*Work to complete:* Your output should be the lines from the one containing "Gingerbread doll (estate)" through the last line below, both ends included, exactly as written and free of pictures.

§ §

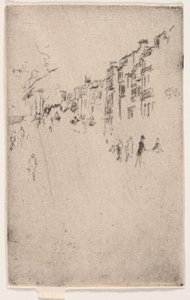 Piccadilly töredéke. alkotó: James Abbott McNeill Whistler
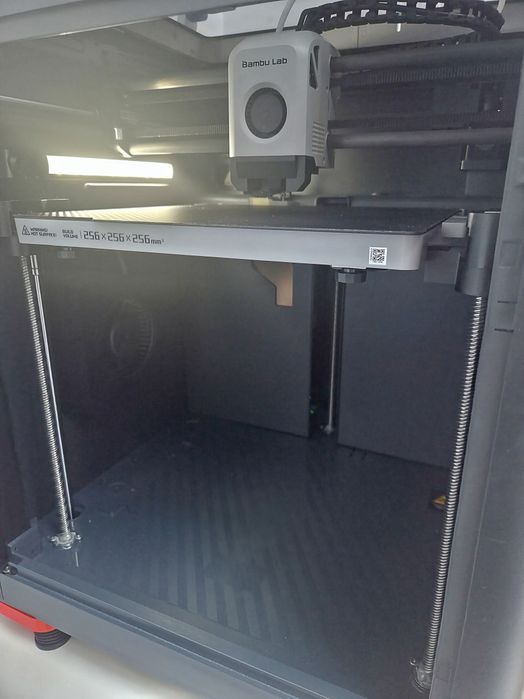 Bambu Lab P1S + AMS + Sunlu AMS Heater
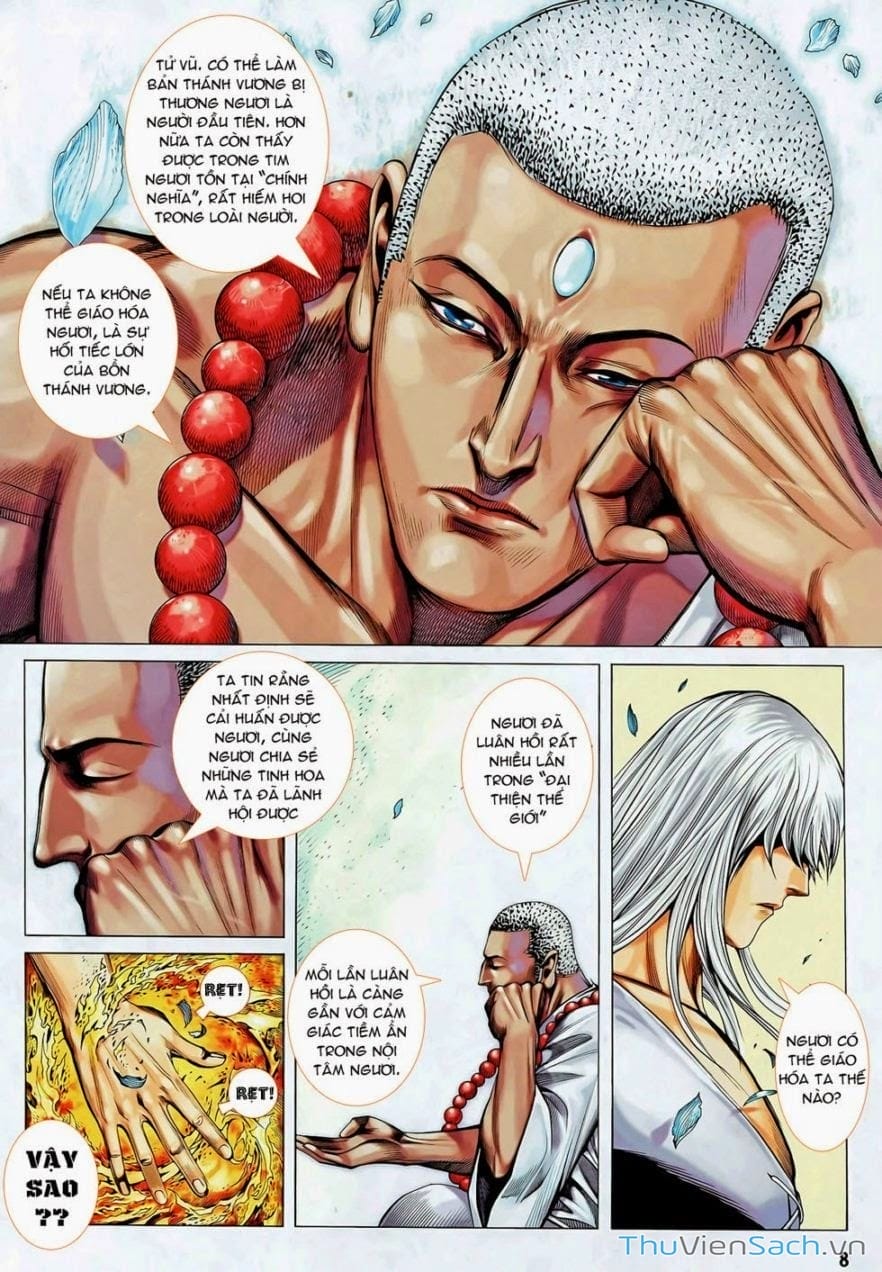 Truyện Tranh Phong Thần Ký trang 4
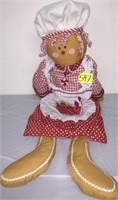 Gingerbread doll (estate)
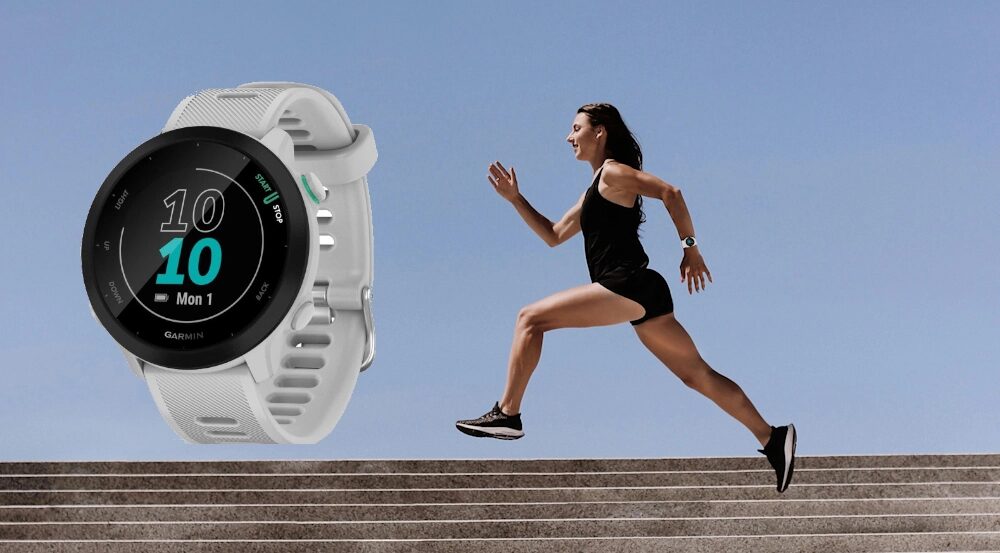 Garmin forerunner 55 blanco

§ §

*Response to this task:*
 Gingerbread doll (estate)
 Garmin forerunner 55 blanco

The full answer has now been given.